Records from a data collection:
▬▬▬
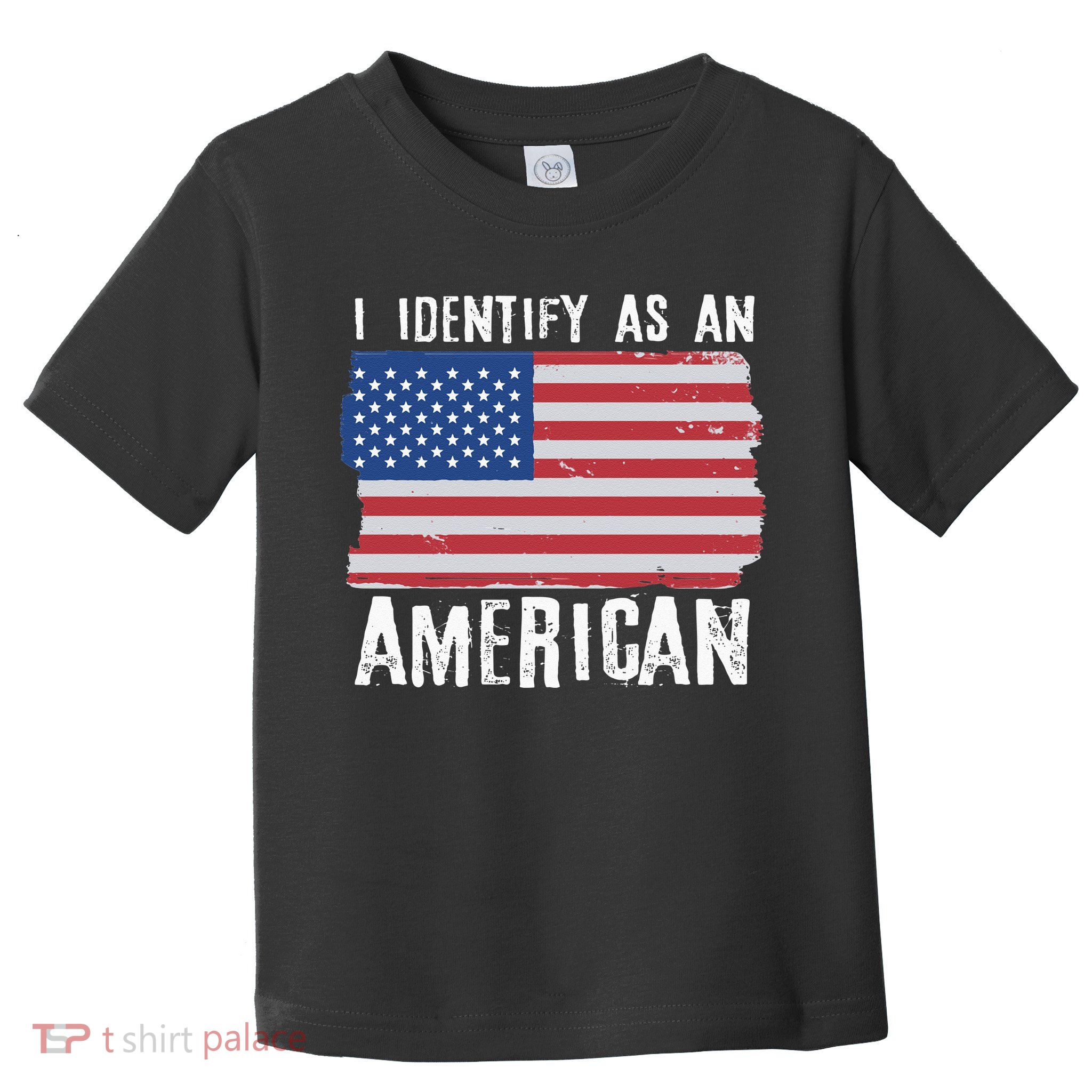 I Identify As An American Proud US American Toddler T-Shirt
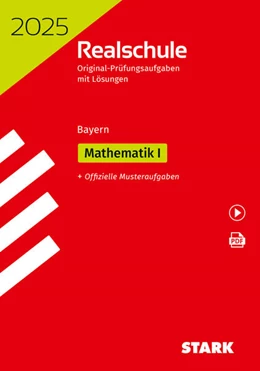 Abbildung von STARK Original-Prüfungen Realschule 2025 - Mathematik I - Bayern | 45. Auflage | 2024 | beck-shop.de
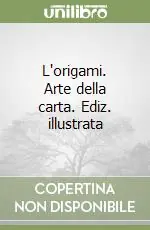 Prezzo Conveniente L‘origami. Arte della carta. Ediz. illustrata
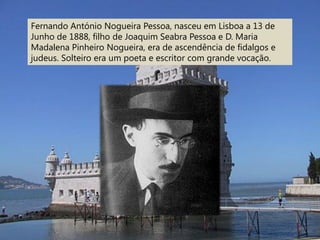 Fernando António Nogueira Pessoa, nasceu em Lisboa a 13 de
Junho de 1888, filho de Joaquim Seabra Pessoa e D. Maria
Madalena Pinheiro Nogueira, era de ascendência de fidalgos e
judeus. Solteiro era um poeta e escritor com grande vocação.
 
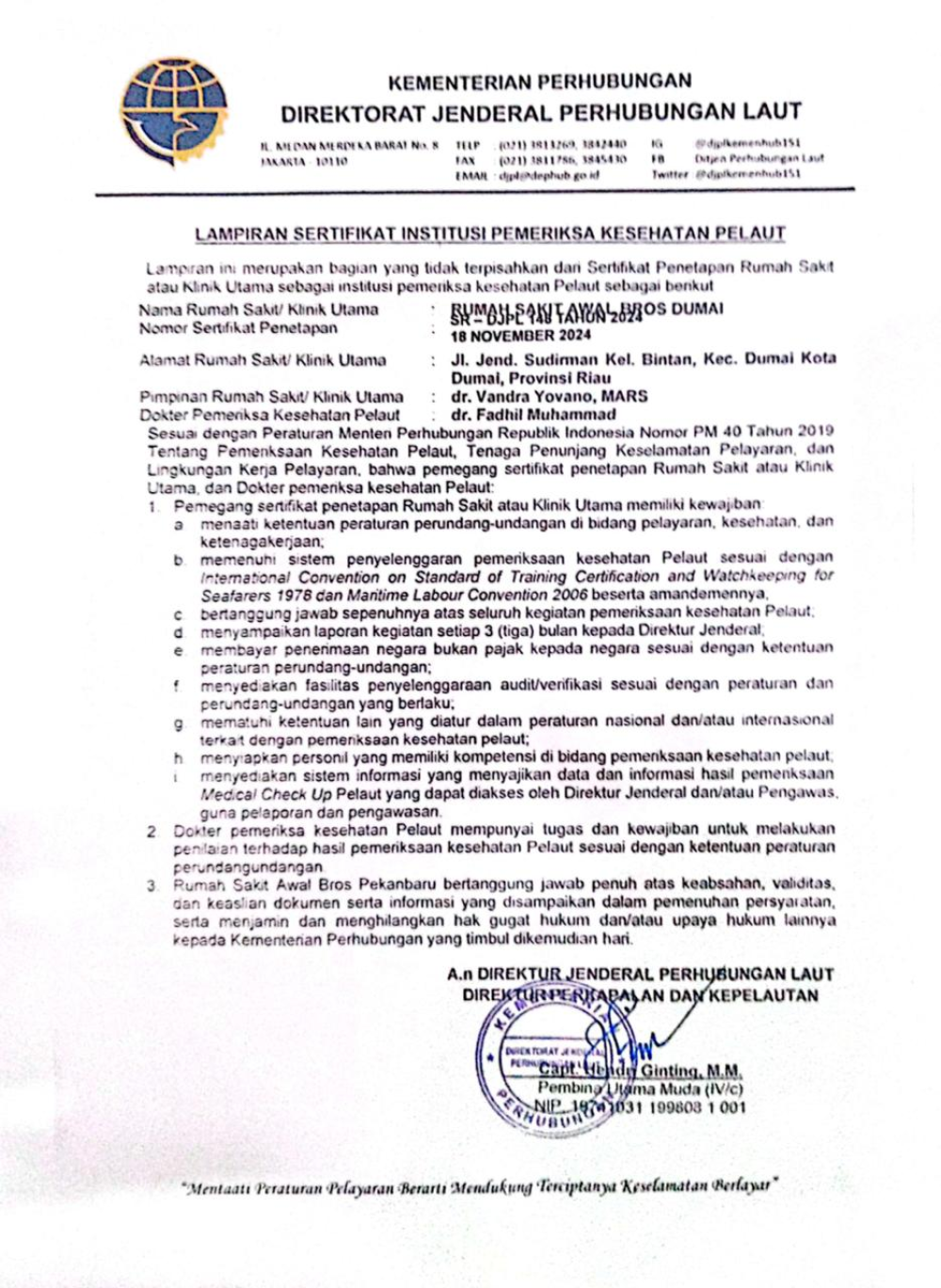 RUMAH SAKIT AWAL BROS DUMAI TELAH DITETAPKAN SEBAGAI INSTITUSI PEMERIKSA KESEHATAN PELAUT OLEH DITJEN HUBLA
▬▬▬
◆ What you need to do ◆
Return the lines of the data above in full and exactly, with no pictures.

◆ Completed exercise ◆
 I Identify As An American Proud US American Toddler T-Shirt
 Abbildung von STARK Original-Prüfungen Realschule 2025 - Mathematik I - Bayern | 45. Auflage | 2024 | beck-shop.de
 Prezzo Conveniente L‘origami. Arte della carta. Ediz. illustrata
 Fernando António Nogueira Pessoa, nasceu em Lisboa a 13 de
Junho de 1888, filho de Joaquim Seabra Pessoa e D. Maria
Madalena Pinheiro Nogueira, era de ascendência de fidalgos e
judeus. Solteiro era um poeta e escritor com grande vocação.
 
 RUMAH SAKIT AWAL BROS DUMAI TELAH DITETAPKAN SEBAGAI INSTITUSI PEMERIKSA KESEHATAN PELAUT OLEH DITJEN HUBLA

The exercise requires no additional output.